No existing open-source tool provides cryptographic transfer verification, compliance-oriented audit logging, and one-command deployment for air-gapped AI. Defense contractors charge millions for proprietary solutions. Forge fills that gap.

The Problem

Organizations operating in air-gapped environments (defense, intelligence, critical infrastructure, regulated industries) face a painful process to deploy AI:

No standardized transfer process - models are walked across on USB drives with manual checksum verification
No chain-of-custody logging - no audit trail of what was transferred, by whom, or when
No hardware-adaptive deployment - every installation requires manual configuration for the target hardware
No integrity verification - no automated way to confirm model weights weren't tampered with during transfer

How Forge Works

LOW SIDE (internet)                    HIGH SIDE (air-gapped)
+-----------------+    USB/media    +----------------------------+
| forge prepare   | -------------> | forge verify               |
|  - download     |    transfer    |  - SHA-256 check all files |
|  - package      |                |  - tamper detection        |
|  - manifest     |                |                            |
|  - audit log    |                | forge deploy               |
+-----------------+                |  - hardware auto-detect    |
                                   |  - docker load + start     |
                                   |  - health checks           |
                                   |  - API ready               |
                                   +----------------------------+

Quick Start

pip install forge-airgap

# 1. Check hardware capabilities
forge info

# 2. Package a model for transfer (internet-connected machine)
forge prepare --model TheBloke/TinyLlama-1.1B-Chat-v1.0-GGUF --quant Q4_K_M --output ./bundle

# 3. Transfer bundle to air-gapped machine via approved media

# 4. Verify bundle integrity
forge verify ./bundle

# 5. Deploy
forge deploy ./bundle --profile auto --port 8080

CLI Commands

`forge info`

Detects hardware and recommends a deployment profile.

+--------------------------+
| Forge Hardware Detection |
+--------------------------+

                CPU
+------------------------------------------+
|  Model       |  AMD Ryzen 9 9950X        |
|  Cores       |  8 physical / 16 logical  |
|  AVX2        |  Yes                      |
+------------------------------------------+

               GPU (1 detected)
+---------------------------------------------+
|  Name     |  NVIDIA GeForce RTX 5080        |
|  VRAM     |  16,303 MB                      |
|  CUDA     |  13.1                           |
+---------------------------------------------+

             Deployment Profiles
+---------------------------------------------+
|  MINIMAL     |  Supported                   |
|  STANDARD    |  Supported                   |
|  ENTERPRISE  |  Supported <-- Recommended   |
+---------------------------------------------+

`forge prepare`

Downloads a model, exports Docker images, generates a SHA-256 integrity manifest, and creates a self-contained transfer bundle.

forge prepare \
  --model TheBloke/Llama-2-7B-Chat-GGUF \
  --quant Q4_K_M \
  --output ./my-bundle

`forge verify`

Verifies every file in a bundle against its SHA-256 manifest.

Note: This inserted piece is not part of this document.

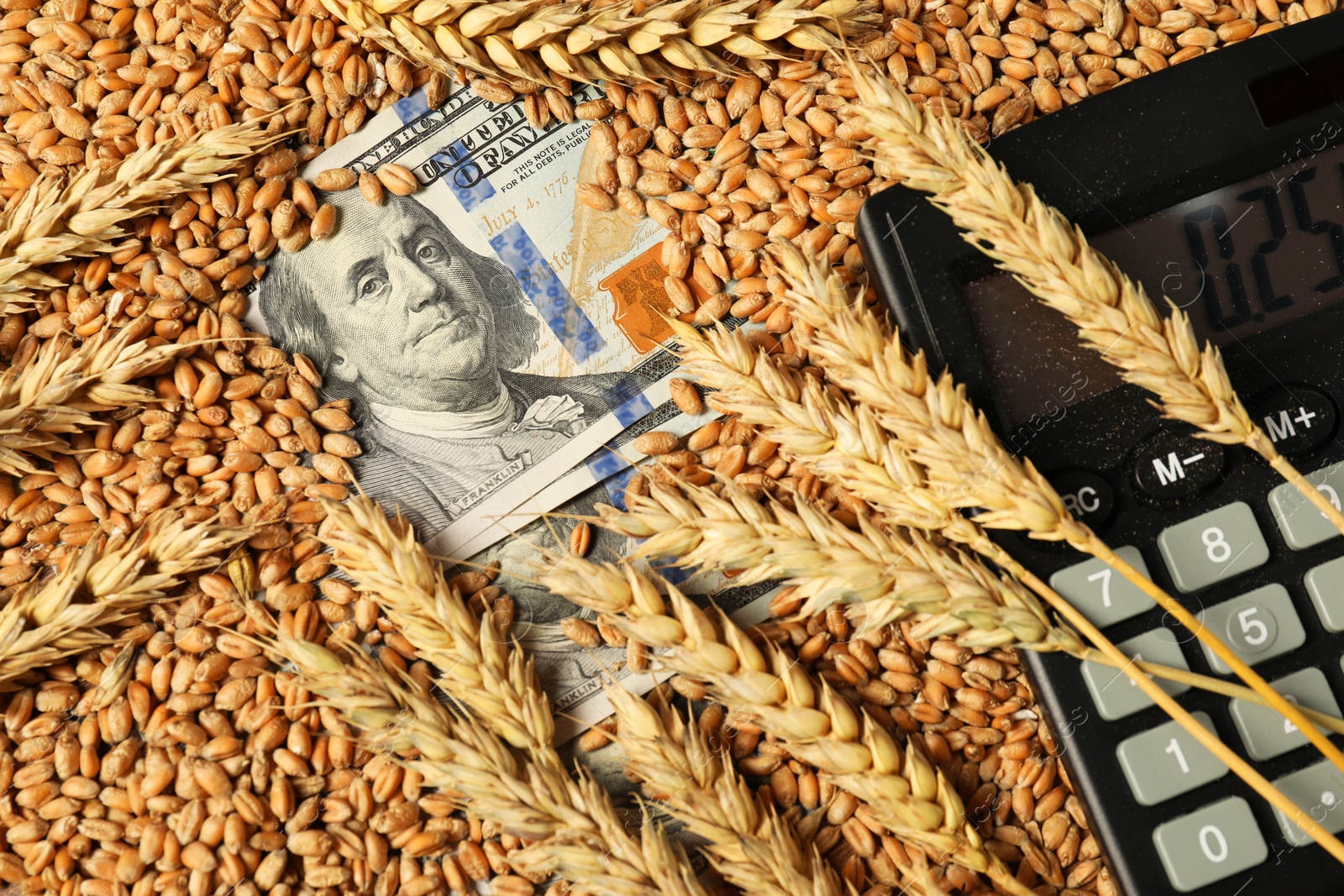 Photo of Dollar banknotes, calculator and wheat ears on grains, closeup. Agricultural business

Detects tampering, missing files, and unexpected additions.

forge verify ./my-bundle

# Exit code 0 = verified, 1 = failed

              File Integrity Check
+----------------------------------------------+
| PASS   | bundle.toml                 |  423 B |
| PASS   | config/engine.toml          |  227 B |
| PASS   | models/llama-2-7b.Q4_K_M   | 3.8 GB |
+----------------------------------------------+

+--------------------------------------------------+
| VERIFIED - All 6/6 files passed integrity check  |
+--------------------------------------------------+

`forge deploy`

Deploys a verified bundle with automatic hardware detection and profile selection.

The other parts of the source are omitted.